**Supplied records**
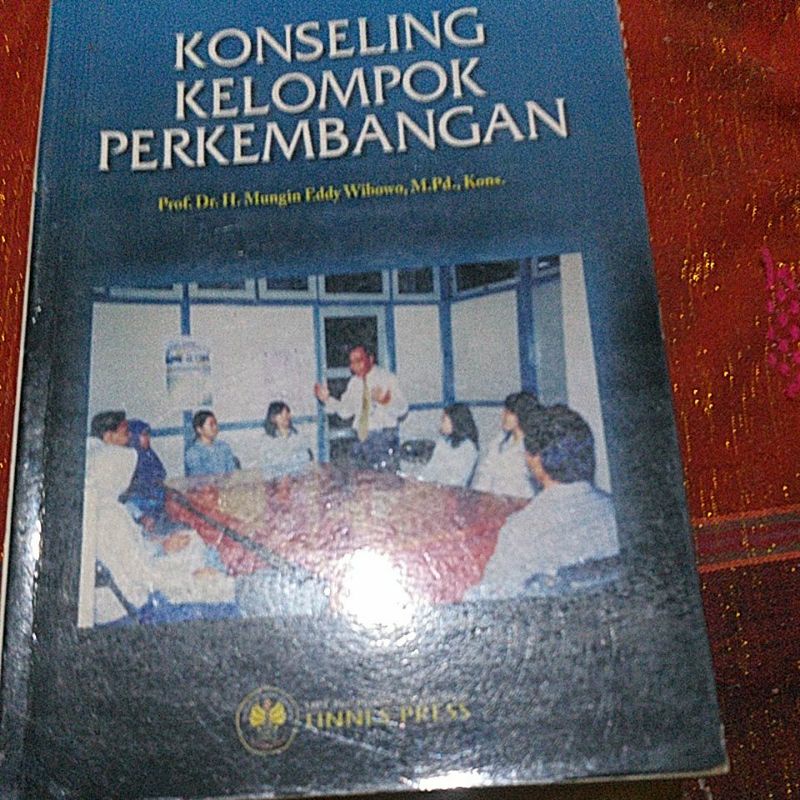 Buku Konseling kelompok perkembangan
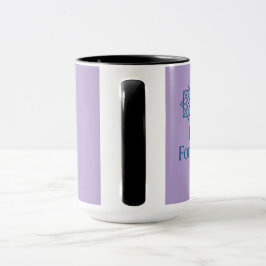 Fredsframvändningsljus Mugg | Andlig-kaffe Kopp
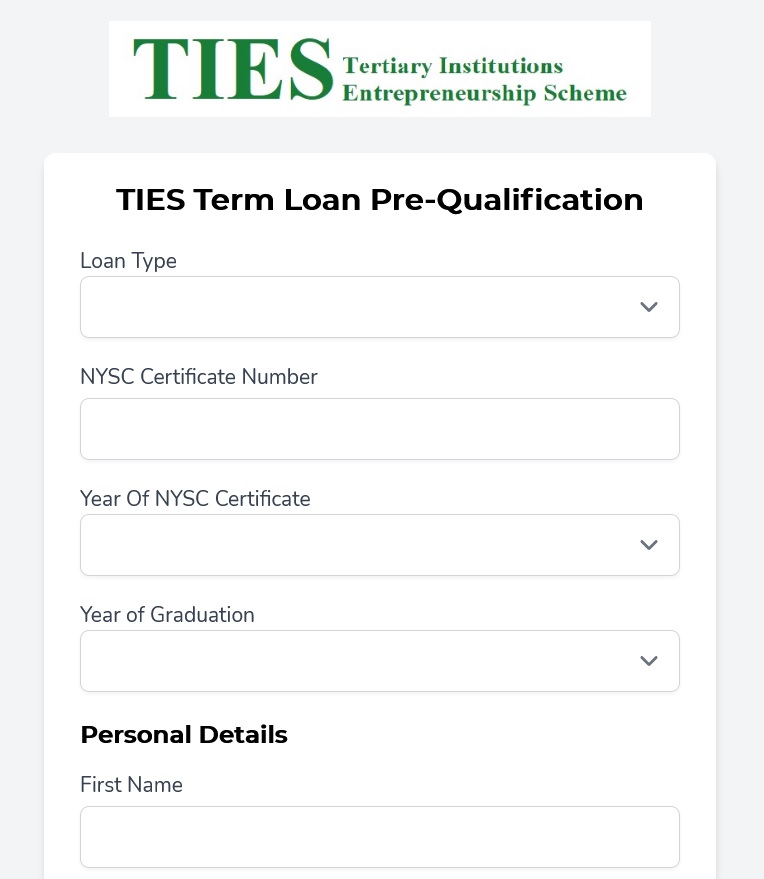 How to Apply for Tertiary Institutions Entrepreneurship Scheme (TIES) by Central Bank of Nigeria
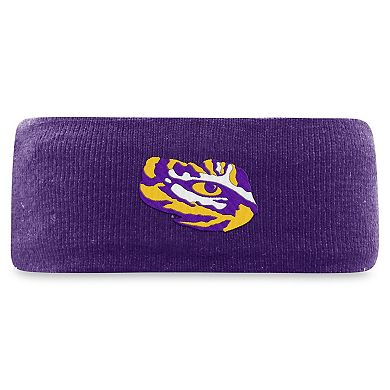Men's Top of the World Purple LSU Tigers Knit Headband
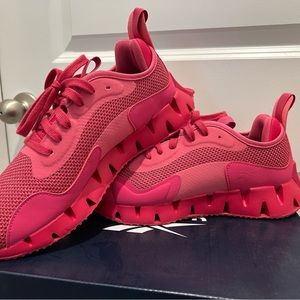 Womens Reebok Zig Dynamica Sz 10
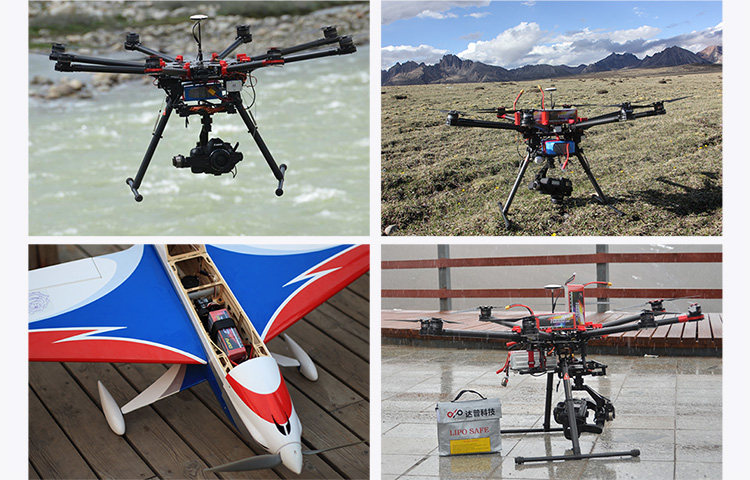 Самолет на дистанционном управление dupu达普 6200mah 25c 3s 4s 6s 航拍多轴无人机模型航模锂电池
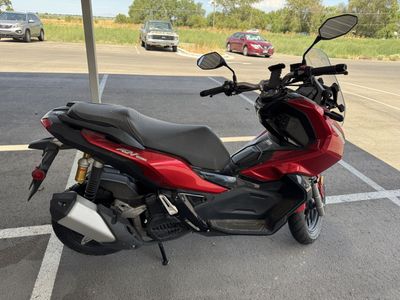 2023 Honda ADV150 Scooter - 51 Miles, Red - w/ Helmet, Cover, Phone Holder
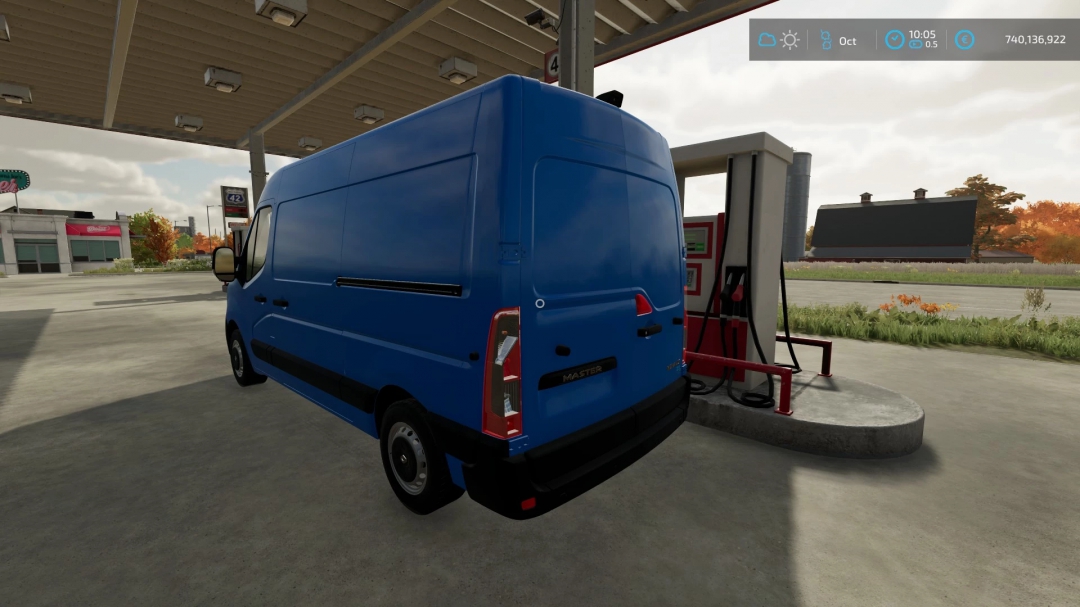 Renault Master Z.E v1.0.0.0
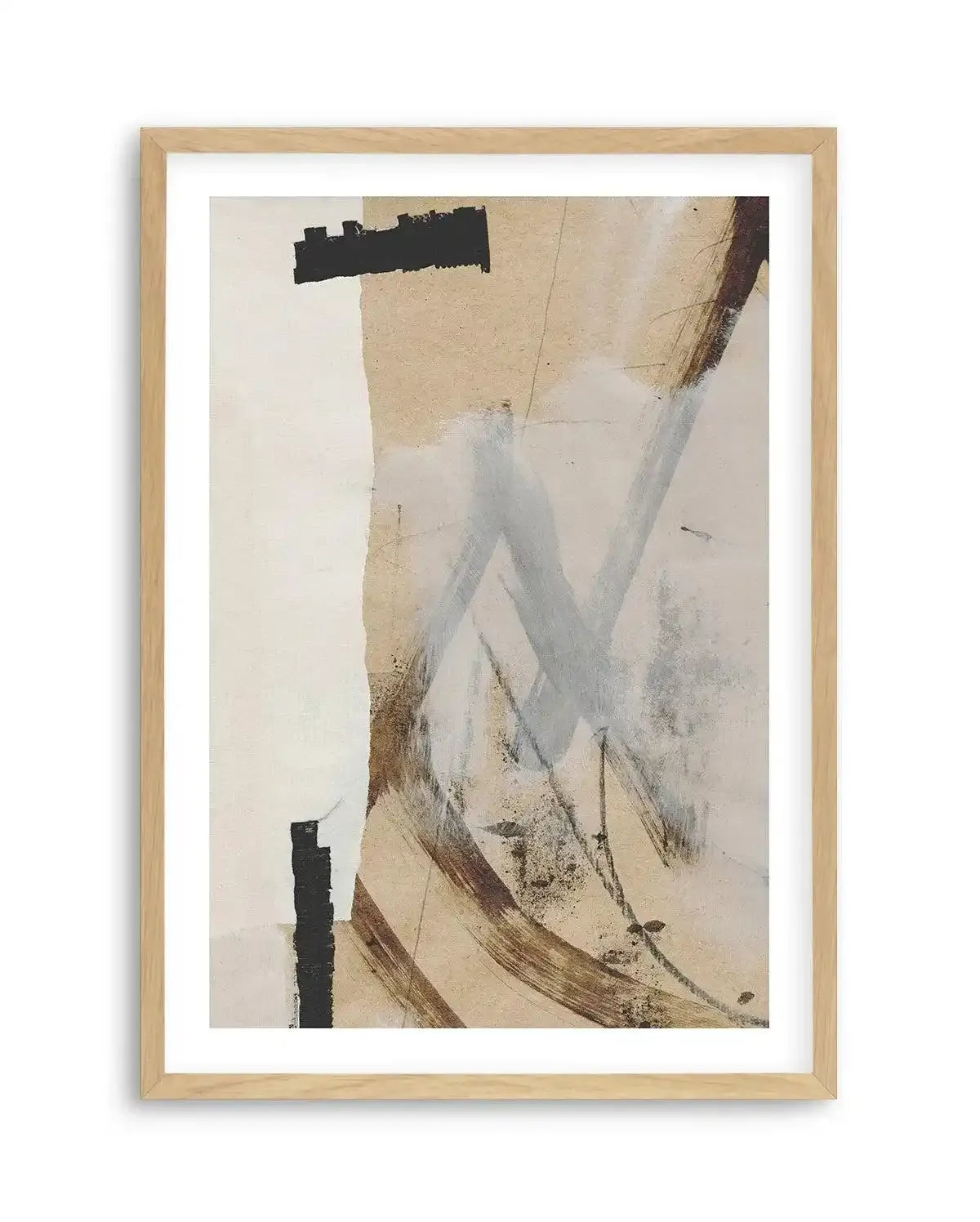 Reunion I by Dan Hobday PT Art Print-PRINT-Olive et Oriel-Dan Hobday-A5 | 5.8" x 8.3" | 14.8 x 21cm-Oak-With White Border-Buy-Australian-Art-Prints-Online-with-Olive-et-Oriel-Your-Artwork-Specialists-Austrailia-Decorate-With-Coastal-Photo-Wall-Art-Prints-From-Our-Beach-House-Artwork-Collection-Fine-Poster-and-Framed-Artwork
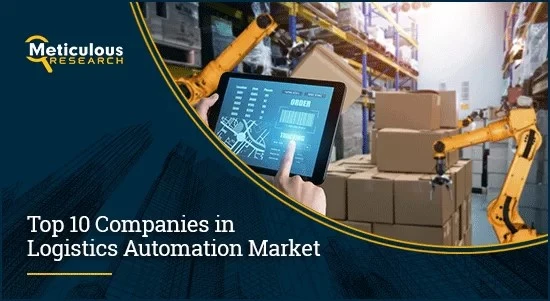 The top 10 Companies in logistics Automation Market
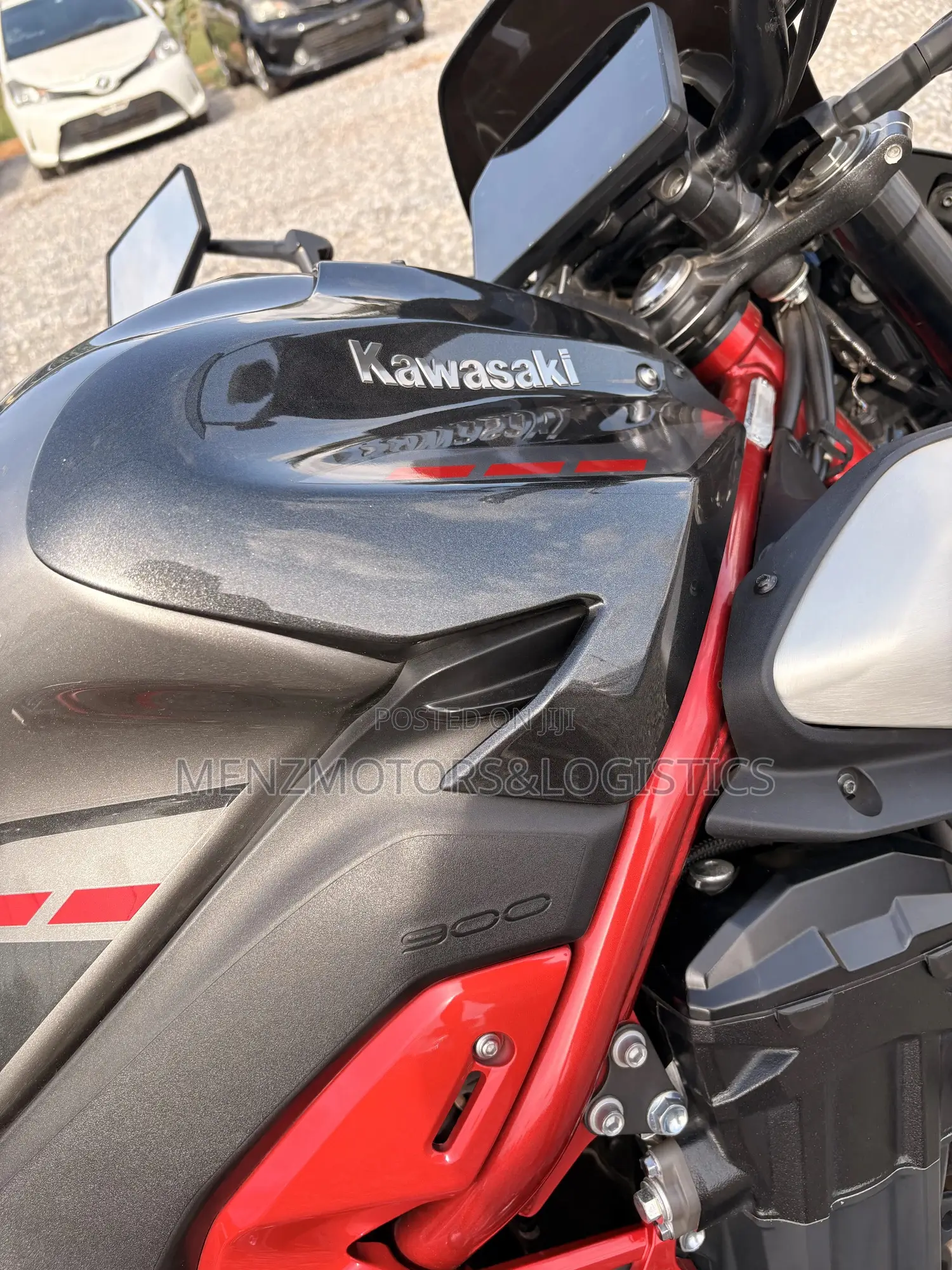 New Kawasaki Z900 2025 Black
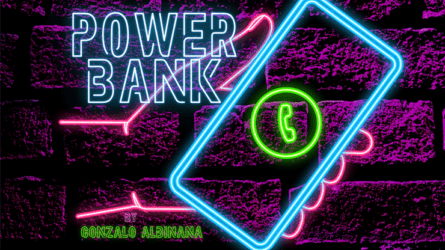 Power Bank by Gonzalo Albiñana and CJ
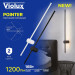 Світильник настінний Violux POINTER 16W 3000/4200/6000K 1200Lm IP20 білий ( 551020 )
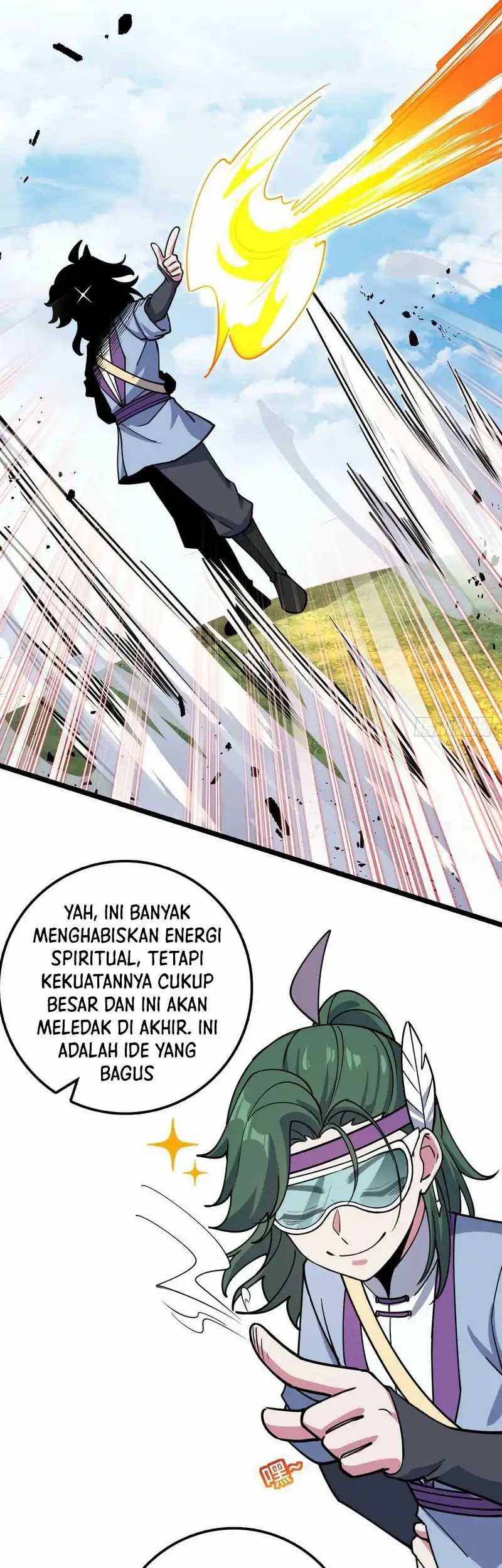 My Master Only Breaks Through Every Time the Limit Is Reached Chapter 57 - halaman 29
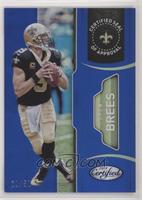 Drew Brees [Noted] #/50
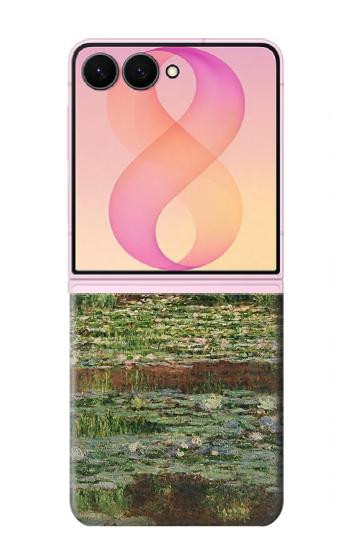 S3674 Claude Monet Footbridge and Water Lily Pool Case For Samsung Galaxy Z Flip 8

**Task to carry out**
Above are the records; return them exactly, minus the pictures.

**Written response**
 Buku Konseling kelompok perkembangan
 Fredsframvändningsljus Mugg | Andlig-kaffe Kopp
 How to Apply for Tertiary Institutions Entrepreneurship Scheme (TIES) by Central Bank of Nigeria
Men's Top of the World Purple LSU Tigers Knit Headband
 Womens Reebok Zig Dynamica Sz 10
 Самолет на дистанционном управление dupu达普 6200mah 25c 3s 4s 6s 航拍多轴无人机模型航模锂电池
 2023 Honda ADV150 Scooter - 51 Miles, Red - w/ Helmet, Cover, Phone Holder
 Renault Master Z.E v1.0.0.0
 Reunion I by Dan Hobday PT Art Print-PRINT-Olive et Oriel-Dan Hobday-A5 | 5.8" x 8.3" | 14.8 x 21cm-Oak-With White Border-Buy-Australian-Art-Prints-Online-with-Olive-et-Oriel-Your-Artwork-Specialists-Austrailia-Decorate-With-Coastal-Photo-Wall-Art-Prints-From-Our-Beach-House-Artwork-Collection-Fine-Poster-and-Framed-Artwork
 The top 10 Companies in logistics Automation Market
 New Kawasaki Z900 2025 Black
 Power Bank by Gonzalo Albiñana and CJ
 Світильник настінний Violux POINTER 16W 3000/4200/6000K 1200Lm IP20 білий ( 551020 )
 My Master Only Breaks Through Every Time the Limit Is Reached Chapter 57 - halaman 29
 Drew Brees [Noted] #/50
 S3674 Claude Monet Footbridge and Water Lily Pool Case For Samsung Galaxy Z Flip 8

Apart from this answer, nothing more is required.